Wildlife rehabilitation

This led to the formation of the Washington Wildlife Rehabilitation Association in 2003. Our nonprofit organization focuses on creating a network of similar rehabilitation centers and act as a networking or support system for them. We also provide educational resources and assistance to these centers and practitioners, to ensure that they can successfully carry out rehabilitation activities.

Principles that guide the WWRA


Identifying and encouraging constant improvement within the wildlife rehabilitation profession. WWRA’s guiding principle is to stay abreast with the latest updates and developments within this industry so that any changes can be implemented proactively.

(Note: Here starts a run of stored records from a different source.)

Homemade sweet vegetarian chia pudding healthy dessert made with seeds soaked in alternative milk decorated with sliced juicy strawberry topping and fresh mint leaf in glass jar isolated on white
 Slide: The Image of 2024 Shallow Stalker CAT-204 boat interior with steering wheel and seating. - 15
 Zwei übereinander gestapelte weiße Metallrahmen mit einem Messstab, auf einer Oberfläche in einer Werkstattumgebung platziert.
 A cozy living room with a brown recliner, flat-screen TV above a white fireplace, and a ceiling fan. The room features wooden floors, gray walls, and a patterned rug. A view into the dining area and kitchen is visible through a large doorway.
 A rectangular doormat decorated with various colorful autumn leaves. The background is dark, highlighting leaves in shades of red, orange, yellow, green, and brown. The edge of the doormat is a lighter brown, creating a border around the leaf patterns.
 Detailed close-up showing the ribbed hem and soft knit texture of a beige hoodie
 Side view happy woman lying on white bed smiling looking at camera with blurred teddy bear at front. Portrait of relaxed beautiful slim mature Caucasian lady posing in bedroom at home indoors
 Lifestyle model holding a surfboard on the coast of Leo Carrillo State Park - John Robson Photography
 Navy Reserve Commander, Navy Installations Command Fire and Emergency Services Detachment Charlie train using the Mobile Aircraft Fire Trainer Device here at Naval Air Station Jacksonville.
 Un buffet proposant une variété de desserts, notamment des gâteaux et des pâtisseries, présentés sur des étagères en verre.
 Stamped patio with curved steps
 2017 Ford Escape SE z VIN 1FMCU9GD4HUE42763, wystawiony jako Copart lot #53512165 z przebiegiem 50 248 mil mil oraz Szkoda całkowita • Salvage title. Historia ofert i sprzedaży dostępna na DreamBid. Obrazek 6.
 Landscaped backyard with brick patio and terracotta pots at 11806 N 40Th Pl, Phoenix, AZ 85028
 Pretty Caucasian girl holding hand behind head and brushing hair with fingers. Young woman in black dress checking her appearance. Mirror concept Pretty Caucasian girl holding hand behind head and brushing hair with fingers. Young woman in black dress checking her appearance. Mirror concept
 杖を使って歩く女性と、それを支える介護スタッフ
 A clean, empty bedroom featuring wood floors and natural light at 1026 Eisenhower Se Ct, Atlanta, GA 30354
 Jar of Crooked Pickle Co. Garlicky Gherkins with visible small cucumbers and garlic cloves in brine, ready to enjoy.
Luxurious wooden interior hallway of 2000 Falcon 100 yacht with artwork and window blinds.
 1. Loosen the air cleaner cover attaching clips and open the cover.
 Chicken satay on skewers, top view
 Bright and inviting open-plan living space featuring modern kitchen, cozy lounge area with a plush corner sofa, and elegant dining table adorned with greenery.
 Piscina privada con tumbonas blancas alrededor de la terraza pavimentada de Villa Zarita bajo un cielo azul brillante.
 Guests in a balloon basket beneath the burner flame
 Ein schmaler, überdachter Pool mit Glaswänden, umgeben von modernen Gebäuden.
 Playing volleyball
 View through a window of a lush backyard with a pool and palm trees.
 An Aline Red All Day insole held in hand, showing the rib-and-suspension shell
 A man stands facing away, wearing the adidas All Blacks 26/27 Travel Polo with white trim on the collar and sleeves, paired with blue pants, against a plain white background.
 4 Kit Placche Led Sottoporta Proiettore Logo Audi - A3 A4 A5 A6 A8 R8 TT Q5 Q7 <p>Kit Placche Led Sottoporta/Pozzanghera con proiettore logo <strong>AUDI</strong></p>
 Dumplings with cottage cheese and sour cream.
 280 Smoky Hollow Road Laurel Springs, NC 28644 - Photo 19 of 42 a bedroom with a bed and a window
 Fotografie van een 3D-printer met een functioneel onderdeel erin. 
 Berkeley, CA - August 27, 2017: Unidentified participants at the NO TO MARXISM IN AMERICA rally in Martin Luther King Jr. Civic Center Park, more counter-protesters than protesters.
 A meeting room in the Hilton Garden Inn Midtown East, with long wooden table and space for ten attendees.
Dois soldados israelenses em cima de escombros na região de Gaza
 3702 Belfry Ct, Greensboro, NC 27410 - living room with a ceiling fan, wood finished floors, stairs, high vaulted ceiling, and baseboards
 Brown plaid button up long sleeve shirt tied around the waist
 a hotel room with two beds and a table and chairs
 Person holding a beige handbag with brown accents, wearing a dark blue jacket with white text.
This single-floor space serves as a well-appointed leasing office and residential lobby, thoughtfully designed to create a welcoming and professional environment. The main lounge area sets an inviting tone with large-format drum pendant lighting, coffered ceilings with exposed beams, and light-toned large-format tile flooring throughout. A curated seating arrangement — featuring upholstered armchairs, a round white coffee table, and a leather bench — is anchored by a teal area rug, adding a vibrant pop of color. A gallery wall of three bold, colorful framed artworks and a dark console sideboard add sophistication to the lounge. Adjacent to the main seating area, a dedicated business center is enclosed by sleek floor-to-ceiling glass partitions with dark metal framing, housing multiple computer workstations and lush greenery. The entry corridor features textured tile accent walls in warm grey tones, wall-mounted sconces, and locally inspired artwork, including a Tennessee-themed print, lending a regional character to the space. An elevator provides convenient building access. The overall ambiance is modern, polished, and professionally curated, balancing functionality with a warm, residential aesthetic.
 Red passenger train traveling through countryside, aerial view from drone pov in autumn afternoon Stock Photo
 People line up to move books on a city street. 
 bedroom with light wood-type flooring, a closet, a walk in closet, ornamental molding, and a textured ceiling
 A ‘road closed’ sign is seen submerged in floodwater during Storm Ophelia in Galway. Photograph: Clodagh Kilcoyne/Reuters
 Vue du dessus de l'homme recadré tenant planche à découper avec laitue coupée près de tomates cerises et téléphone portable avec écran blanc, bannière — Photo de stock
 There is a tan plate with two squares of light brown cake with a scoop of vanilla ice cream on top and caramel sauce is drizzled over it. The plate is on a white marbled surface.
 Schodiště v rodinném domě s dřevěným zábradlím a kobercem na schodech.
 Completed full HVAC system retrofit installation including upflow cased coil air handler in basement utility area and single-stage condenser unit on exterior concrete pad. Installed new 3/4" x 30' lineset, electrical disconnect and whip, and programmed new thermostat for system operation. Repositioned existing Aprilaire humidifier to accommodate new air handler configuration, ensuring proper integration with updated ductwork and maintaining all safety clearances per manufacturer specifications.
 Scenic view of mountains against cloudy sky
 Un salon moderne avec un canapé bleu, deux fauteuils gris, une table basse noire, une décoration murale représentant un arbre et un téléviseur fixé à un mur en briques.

This organization hopes to be the face of wildlife rehabilitation efforts within Washington State.


Acting as the educational body that would disseminate important information through meetings, reports, symposiums, and published content, along with newsletters and web content. WWRA aims to offer guidance and support to the practitioners to help support them when dealing with difficult rehabilitation situations.


Identifying and promoting educational programs that will help the practitioners to carry out their responsibilities successfully. WWRA also identifies programs related to wildlife management and natural history that would help enhance the practitioners’ professional expertise.


Promoting cooperation between professional agencies and regulatory government agencies and help create a network of wildlife rehabilitation centers within Washington.WWRA aspires to become the unifying voice and representative of various Wildlife Rehabilitation centers within Washington State. It has been registered as a 501 (c) (3) tax-exempt nonprofit organization that focuses on rehabilitation, conservation, and protection of wild animals.